Ease of use and processing power have also dramatically improved. Previously, manufacturers did not want to roll out their own vision system. "Now the smart camera basically is the vision system," Singleton says. "It's easier to implement, especially for application-specific solutions." With these ready-to-go systems, the use of vision is more widespread. In many vision applications, "You don't have to have an automation engineer, vision guru or systems integrator," says Singleton, who maintains that there will always be a need for integrators in complicated implementations. Now systems are usually set up so the typical manufacturing person can implement vision-they know the process, what needs to be done and what the vision system has to interface to.

Now companies are introducing neural network technology-self-learning systems that are specifically tailored to target particular tasks. "It's been hyped for years, but they didn't really work," Singleton says. "In the past, general purpose systems didn't really know what needed to be done." Companies would pay a lot for the system and wanted it to handle many different tasks. For example, they would try to bundle assembly verification and color inspection together, which didn't work. Now companies focus on specific applications.

With price dropping dramatically, along with easier-to-use products, there has been an increase in the number of people able to use machine vision systems, Singleton says. Previously large operations would use vision because it was essential to their operation. Now even mom-and-pop label manufacturing shops, for example, can get a vision appliance dedicated to label inspection, without hiring a new employee.

Vision systems are doing a lot more-improving algorithms, increasing processing power for color processing, texture analysis, and combining 2-D and 3-D. Singleton predicts more widespread use of 3-D vision, and 3-D smart cameras in particular. He also forecasts more applications being addressed that involve X-ray or infrared imaging, and more companies providing integrated vision and motion solutions.
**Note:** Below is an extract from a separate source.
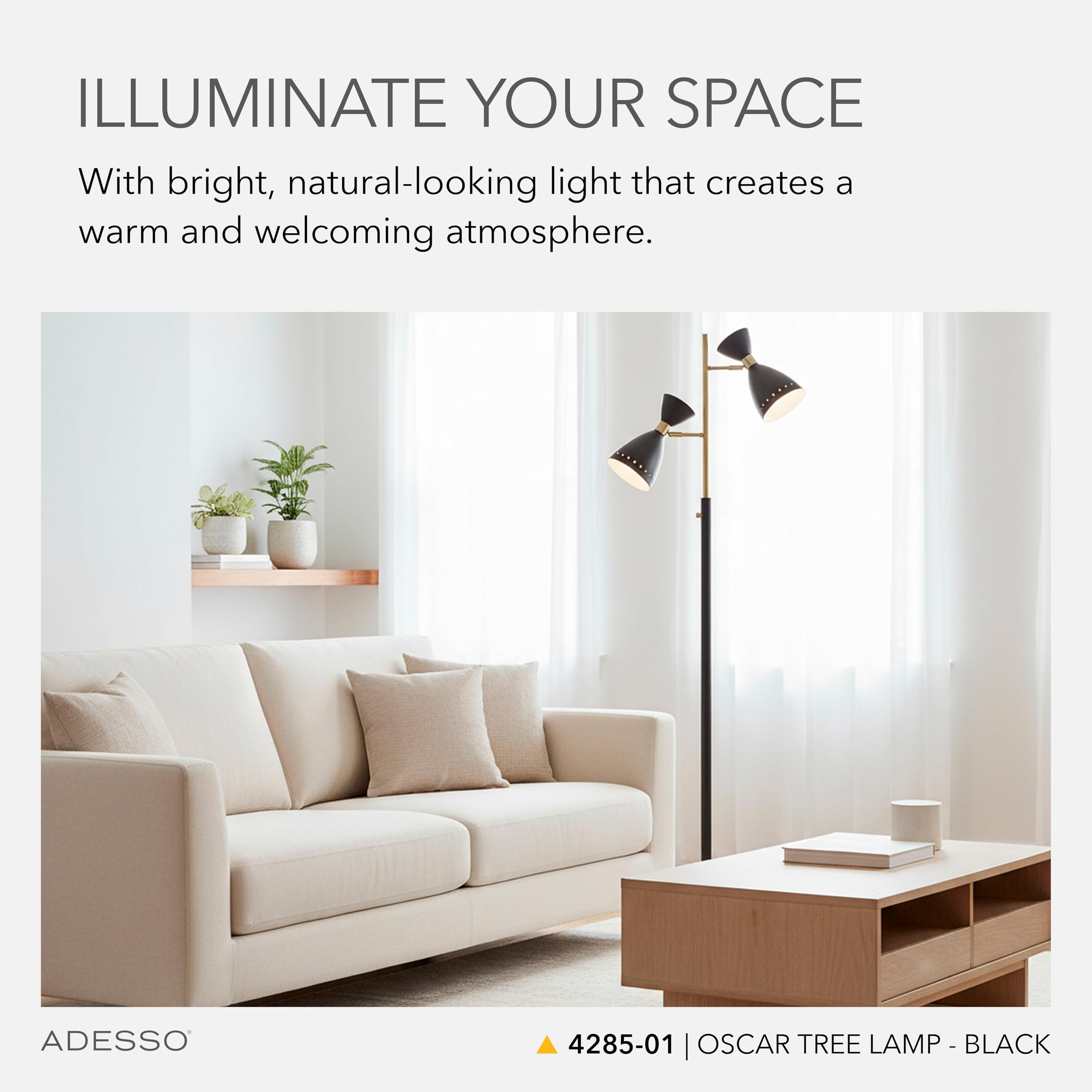 Adesso 86” Tall Tree Lamp – Adjustable 2-Light Black & Antique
V&S



vision trends

• In terms of software, well-designed GUIs are making software easier to set up and use.

• Ongoing developments in the PC arena-faster processors, faster busses, migration to 64-bit processing, multiprocessor systems, dual core systems and new connectivity standards-continue to increase the PC's appeal as an implementation platform for vision solutions.

• Camera models with CMOS (complimentary metal-oxide semiconductor) sensors will continue to take market share from those that use CCD sensors. Widely used in consumer products such as imaging-capable cell phones, the properties and performance of CMOS sensors will steadily improve-resulting in lower cost cameras suitable for use in addressing increasingly more vision applications.